INFORMATION SUPPLIED:

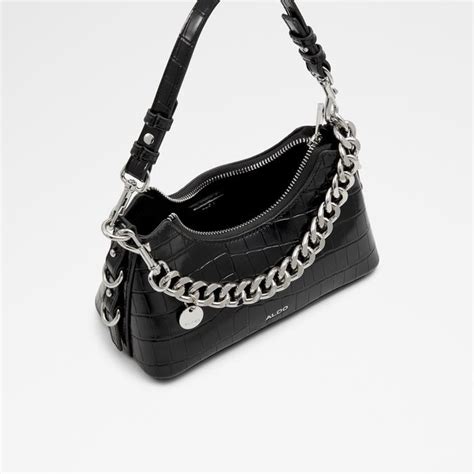 Valamaryn Women's Black Shoulder Bag | Aldo Shoes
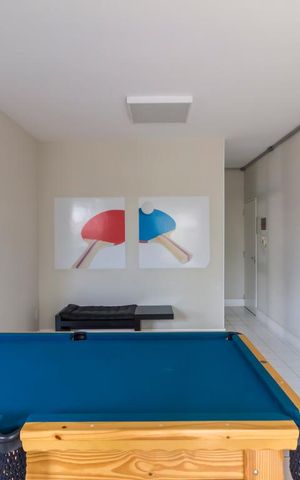 Apartamento à venda com 56m², 2 quartos e 1 vagaSalão de jogos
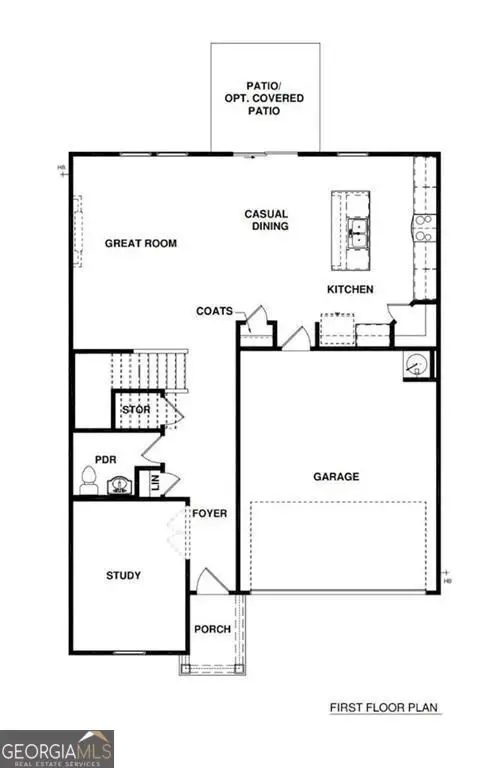 969 Kingsley Way #LOT 1, Lithonia, GA 30058 - Image #3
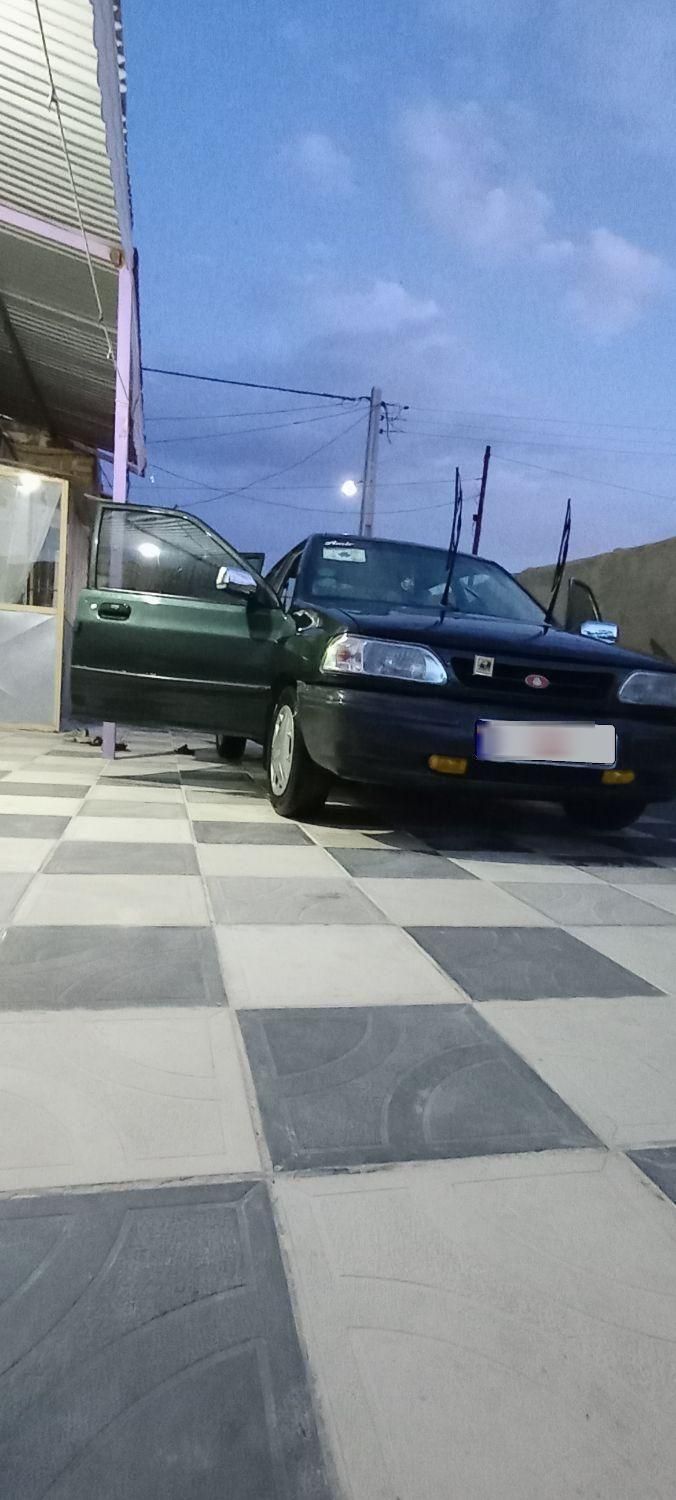 پراید 131 SE - 1392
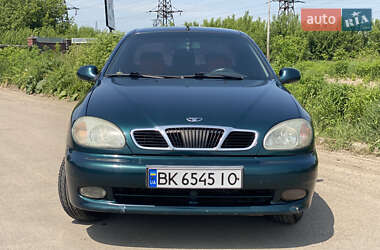 Седан Daewoo Lanos 2003 в 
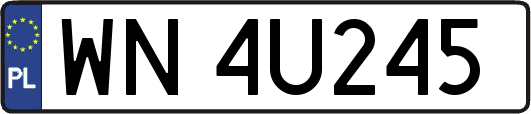 WN4U245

EXERCISE DIRECTIONS: Since the pictures are not part of the copy, transcribe only the remaining material, exactly.

YOUR RESPONSE:
 Valamaryn Women's Black Shoulder Bag | Aldo Shoes
 Apartamento à venda com 56m², 2 quartos e 1 vagaSalão de jogos
 969 Kingsley Way #LOT 1, Lithonia, GA 30058 - Image #3
 پراید 131 SE - 1392
 Седан Daewoo Lanos 2003 в 
 WN4U245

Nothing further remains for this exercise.